DATA RECORDS Block Start

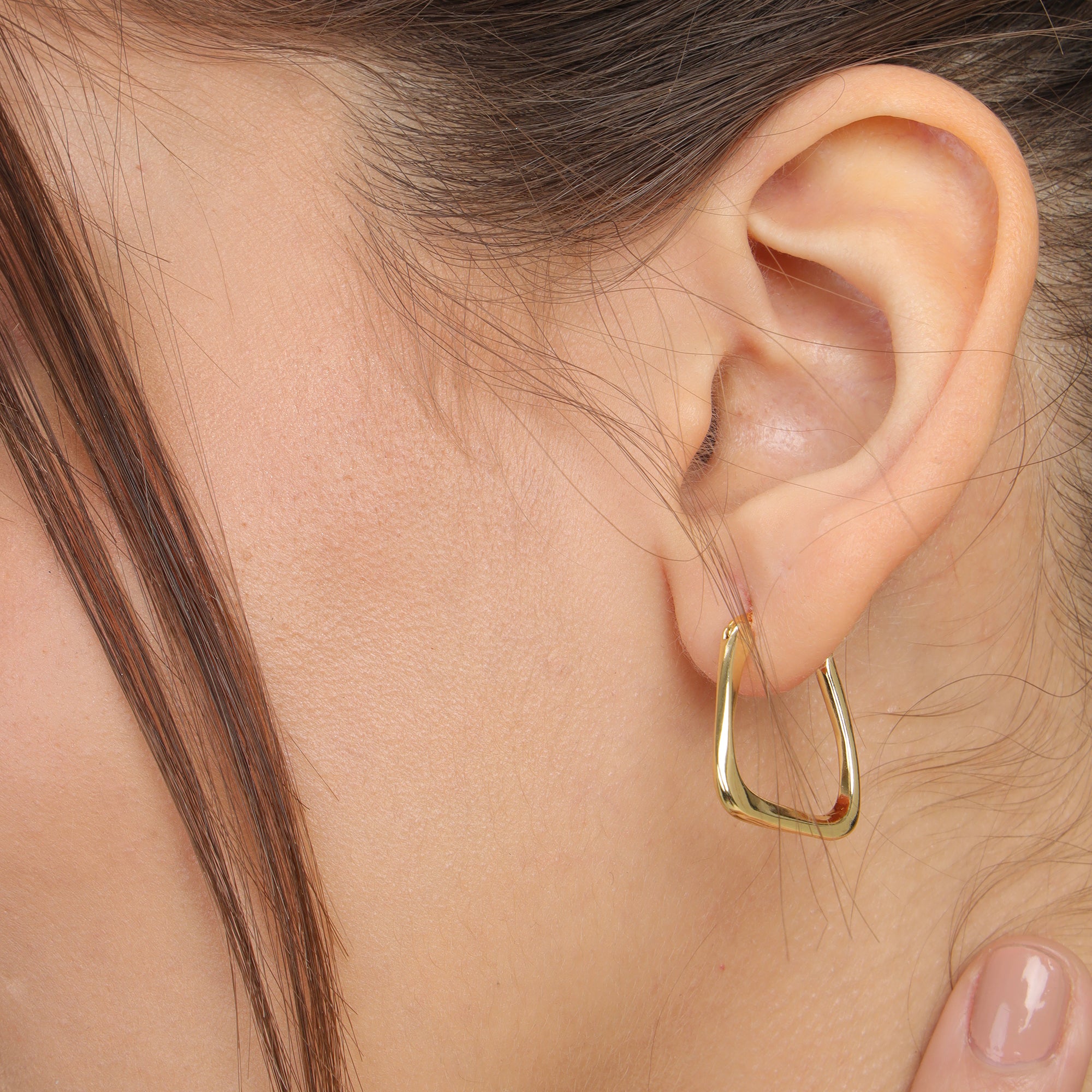 Asymmetric Hoops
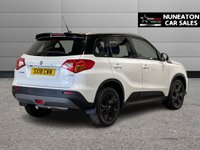 USED 2018 18 SUZUKI VITARA 1.4 Boosterjet S SUV 5dr Petrol Auto ALLGRIP Euro 6 (s/s) (140 ps) 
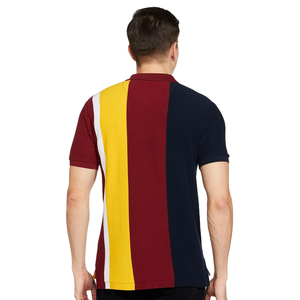 เสื้อโปโลสำหรับผู้ชายเสื้อโปโลแขนสั้นผ้าฝ้าย100% พรีเมียมเสื้อโปโลสำหรับผู้ชายแบบสั่งทำ - Product Image 2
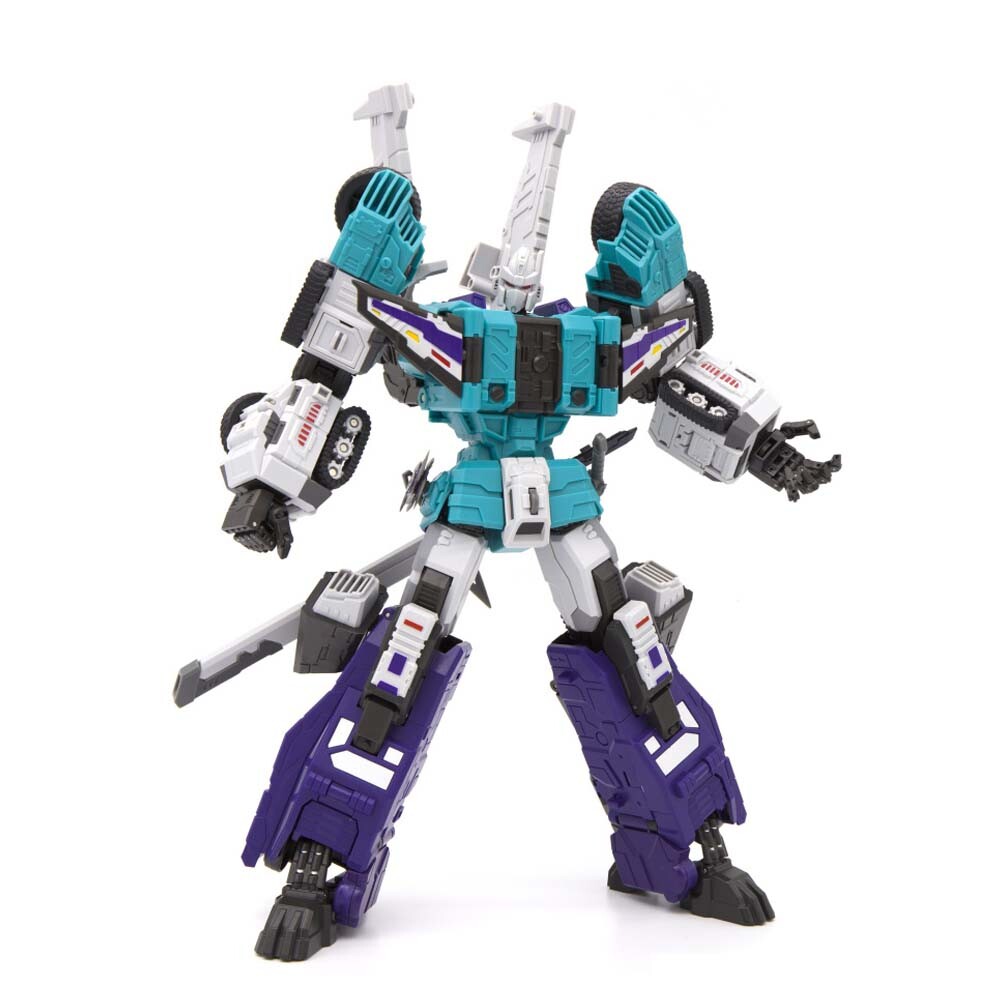 New G-creation GDW-03 SIXSHOT Normal Version Action figure in stock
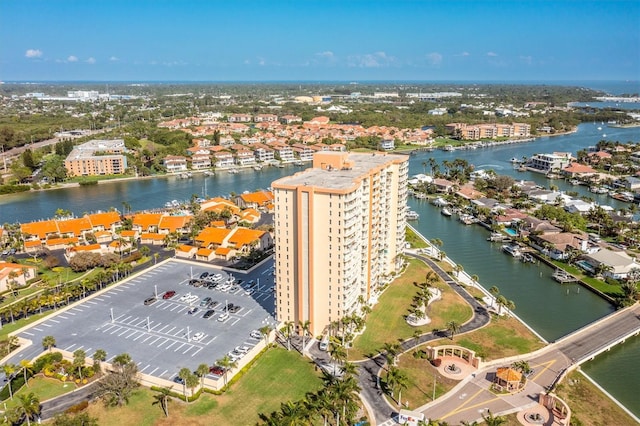 4900 Brittany Dr S Unit 209, Saint Petersburg, FL 33715 - aerial view of a nearby body of water
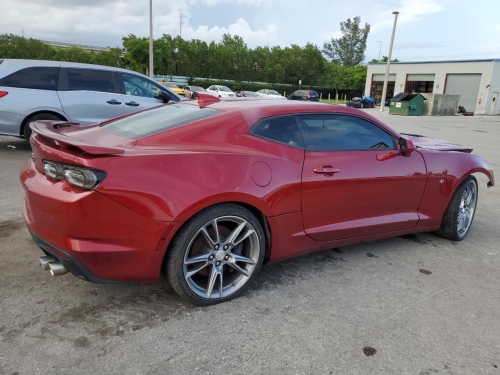 2019 CHEVROLET CAMARO SS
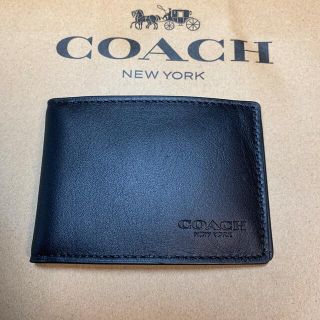 コーチ(COACH)のコーチ名刺入れ(名刺入れ/定期入れ)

DATA RECORDS Block End

TASK DESCRIPTION: Extract the text of all the records above verbatim, excluding pictures.

ANSWER TO THIS EXERCISE:
 Asymmetric Hoops
 USED 2018 18 SUZUKI VITARA 1.4 Boosterjet S SUV 5dr Petrol Auto ALLGRIP Euro 6 (s/s) (140 ps) 
 เสื้อโปโลสำหรับผู้ชายเสื้อโปโลแขนสั้นผ้าฝ้าย100% พรีเมียมเสื้อโปโลสำหรับผู้ชายแบบสั่งทำ - Product Image 2
 New G-creation GDW-03 SIXSHOT Normal Version Action figure in stock
 4900 Brittany Dr S Unit 209, Saint Petersburg, FL 33715 - aerial view of a nearby body of water
 2019 CHEVROLET CAMARO SS
 コーチ(COACH)のコーチ名刺入れ(名刺入れ/定期入れ)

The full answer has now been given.